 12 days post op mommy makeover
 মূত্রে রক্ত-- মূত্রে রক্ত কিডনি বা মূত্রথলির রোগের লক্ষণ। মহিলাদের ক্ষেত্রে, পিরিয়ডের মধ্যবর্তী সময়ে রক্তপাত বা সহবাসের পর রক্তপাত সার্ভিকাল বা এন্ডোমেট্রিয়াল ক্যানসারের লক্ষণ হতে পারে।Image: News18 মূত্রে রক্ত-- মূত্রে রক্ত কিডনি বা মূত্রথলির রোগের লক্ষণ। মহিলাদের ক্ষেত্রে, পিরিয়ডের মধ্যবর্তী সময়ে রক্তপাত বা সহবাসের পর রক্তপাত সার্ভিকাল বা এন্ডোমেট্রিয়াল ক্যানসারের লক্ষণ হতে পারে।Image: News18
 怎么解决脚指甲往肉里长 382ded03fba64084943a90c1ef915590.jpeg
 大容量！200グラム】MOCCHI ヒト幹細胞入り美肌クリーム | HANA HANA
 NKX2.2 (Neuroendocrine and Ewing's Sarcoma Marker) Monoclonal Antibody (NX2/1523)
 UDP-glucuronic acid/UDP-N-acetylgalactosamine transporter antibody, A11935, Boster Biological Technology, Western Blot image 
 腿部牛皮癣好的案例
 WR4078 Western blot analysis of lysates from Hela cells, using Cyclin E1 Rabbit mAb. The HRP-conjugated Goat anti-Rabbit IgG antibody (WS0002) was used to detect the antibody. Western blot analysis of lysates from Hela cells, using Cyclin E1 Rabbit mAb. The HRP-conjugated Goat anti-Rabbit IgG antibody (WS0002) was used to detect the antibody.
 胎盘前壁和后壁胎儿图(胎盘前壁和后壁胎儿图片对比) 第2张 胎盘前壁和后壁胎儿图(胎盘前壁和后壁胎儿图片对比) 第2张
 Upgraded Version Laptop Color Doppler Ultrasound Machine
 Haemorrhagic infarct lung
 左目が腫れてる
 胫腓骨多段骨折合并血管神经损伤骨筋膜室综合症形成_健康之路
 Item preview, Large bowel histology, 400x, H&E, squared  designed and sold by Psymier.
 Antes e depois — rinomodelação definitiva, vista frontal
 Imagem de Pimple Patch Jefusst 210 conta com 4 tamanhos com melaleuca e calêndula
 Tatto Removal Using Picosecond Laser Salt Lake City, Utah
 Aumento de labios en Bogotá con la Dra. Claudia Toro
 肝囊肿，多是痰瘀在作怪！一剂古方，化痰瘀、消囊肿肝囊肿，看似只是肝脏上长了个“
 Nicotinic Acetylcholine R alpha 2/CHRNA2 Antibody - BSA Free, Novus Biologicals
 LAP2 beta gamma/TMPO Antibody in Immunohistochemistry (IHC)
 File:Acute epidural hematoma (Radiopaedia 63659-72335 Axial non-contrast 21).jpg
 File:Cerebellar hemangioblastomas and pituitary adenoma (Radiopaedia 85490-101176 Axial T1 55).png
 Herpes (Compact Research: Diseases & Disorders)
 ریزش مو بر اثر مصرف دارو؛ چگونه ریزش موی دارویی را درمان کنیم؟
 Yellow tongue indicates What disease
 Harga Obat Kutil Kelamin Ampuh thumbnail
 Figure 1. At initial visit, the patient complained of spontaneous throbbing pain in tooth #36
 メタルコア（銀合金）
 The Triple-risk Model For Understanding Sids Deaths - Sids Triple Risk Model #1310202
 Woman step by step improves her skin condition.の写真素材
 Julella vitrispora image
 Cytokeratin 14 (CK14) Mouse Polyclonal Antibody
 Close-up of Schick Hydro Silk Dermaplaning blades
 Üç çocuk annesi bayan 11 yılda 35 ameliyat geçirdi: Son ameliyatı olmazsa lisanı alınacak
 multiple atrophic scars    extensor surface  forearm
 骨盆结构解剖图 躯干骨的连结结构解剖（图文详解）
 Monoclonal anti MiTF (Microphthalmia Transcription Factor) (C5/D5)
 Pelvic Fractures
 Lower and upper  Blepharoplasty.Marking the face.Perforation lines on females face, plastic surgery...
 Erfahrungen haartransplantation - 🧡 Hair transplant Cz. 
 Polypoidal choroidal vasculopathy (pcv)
────────────────────
To do =
The reply should hold only the lines from the beginning of the listing above through the line with "胫腓骨多段骨折合并血管神经损伤骨筋膜室综合症形成_健康之路", each one written exactly as it appears.

Result for this exercise =
 12 days post op mommy makeover
 মূত্রে রক্ত-- মূত্রে রক্ত কিডনি বা মূত্রথলির রোগের লক্ষণ। মহিলাদের ক্ষেত্রে, পিরিয়ডের মধ্যবর্তী সময়ে রক্তপাত বা সহবাসের পর রক্তপাত সার্ভিকাল বা এন্ডোমেট্রিয়াল ক্যানসারের লক্ষণ হতে পারে।Image: News18 মূত্রে রক্ত-- মূত্রে রক্ত কিডনি বা মূত্রথলির রোগের লক্ষণ। মহিলাদের ক্ষেত্রে, পিরিয়ডের মধ্যবর্তী সময়ে রক্তপাত বা সহবাসের পর রক্তপাত সার্ভিকাল বা এন্ডোমেট্রিয়াল ক্যানসারের লক্ষণ হতে পারে।Image: News18
 怎么解决脚指甲往肉里长 382ded03fba64084943a90c1ef915590.jpeg
 大容量！200グラム】MOCCHI ヒト幹細胞入り美肌クリーム | HANA HANA
 NKX2.2 (Neuroendocrine and Ewing's Sarcoma Marker) Monoclonal Antibody (NX2/1523)
 UDP-glucuronic acid/UDP-N-acetylgalactosamine transporter antibody, A11935, Boster Biological Technology, Western Blot image 
 腿部牛皮癣好的案例
 WR4078 Western blot analysis of lysates from Hela cells, using Cyclin E1 Rabbit mAb. The HRP-conjugated Goat anti-Rabbit IgG antibody (WS0002) was used to detect the antibody. Western blot analysis of lysates from Hela cells, using Cyclin E1 Rabbit mAb. The HRP-conjugated Goat anti-Rabbit IgG antibody (WS0002) was used to detect the antibody.
 胎盘前壁和后壁胎儿图(胎盘前壁和后壁胎儿图片对比) 第2张 胎盘前壁和后壁胎儿图(胎盘前壁和后壁胎儿图片对比) 第2张
 Upgraded Version Laptop Color Doppler Ultrasound Machine
 Haemorrhagic infarct lung
 左目が腫れてる
 胫腓骨多段骨折合并血管神经损伤骨筋膜室综合症形成_健康之路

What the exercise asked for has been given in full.